### What the task requires
Pictures are to be left out, and only the lines from the one with "Totenkopf Ohrringe 925" through the last line of the listing below are to be repeated exactly.

### Dataset section

▬▬▬

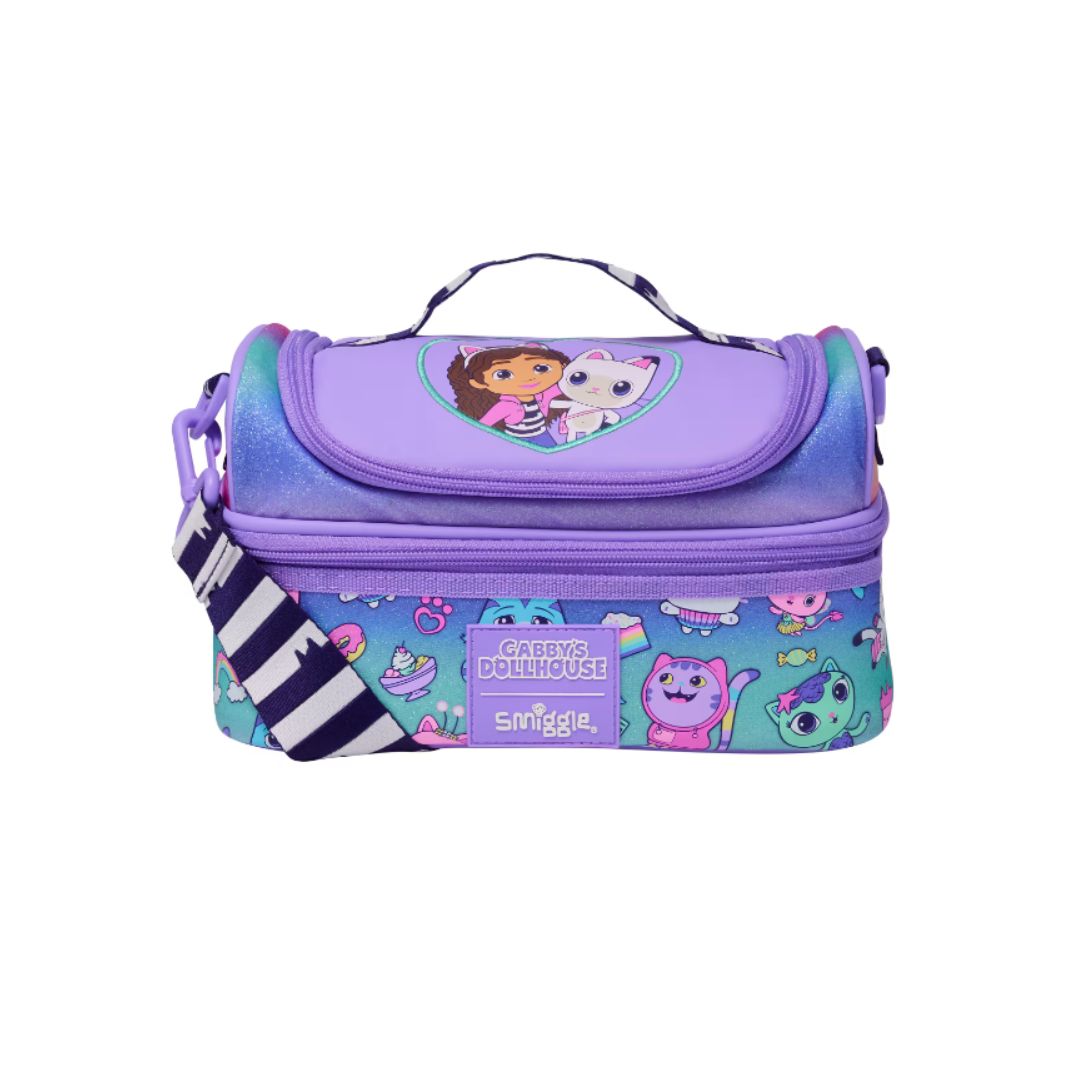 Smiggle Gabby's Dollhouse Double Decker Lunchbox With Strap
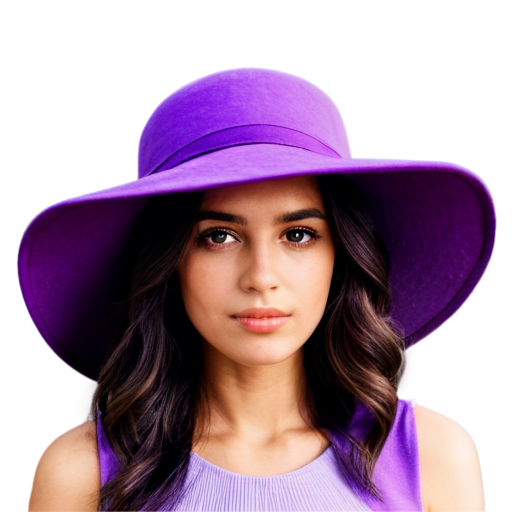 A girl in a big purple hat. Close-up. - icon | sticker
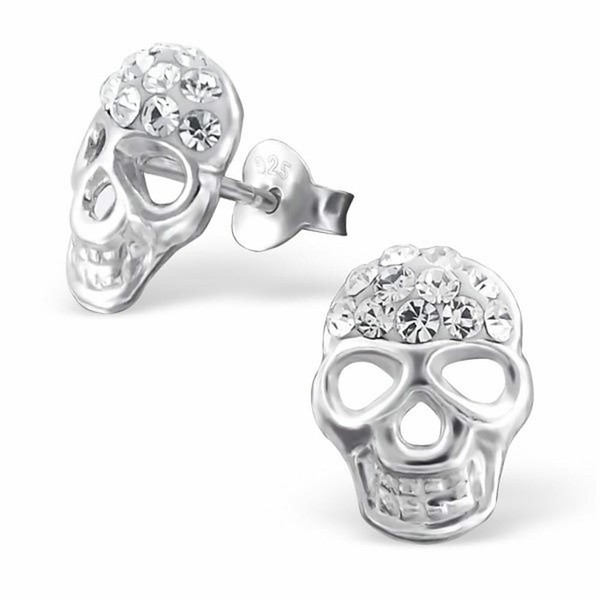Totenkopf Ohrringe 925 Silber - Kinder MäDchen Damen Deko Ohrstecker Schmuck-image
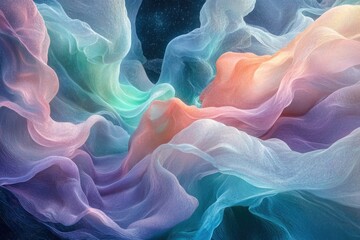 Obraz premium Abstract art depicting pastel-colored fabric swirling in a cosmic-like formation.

▬▬▬

### Expected answer
Totenkopf Ohrringe 925 Silber - Kinder MäDchen Damen Deko Ohrstecker Schmuck-image
 Obraz premium Abstract art depicting pastel-colored fabric swirling in a cosmic-like formation.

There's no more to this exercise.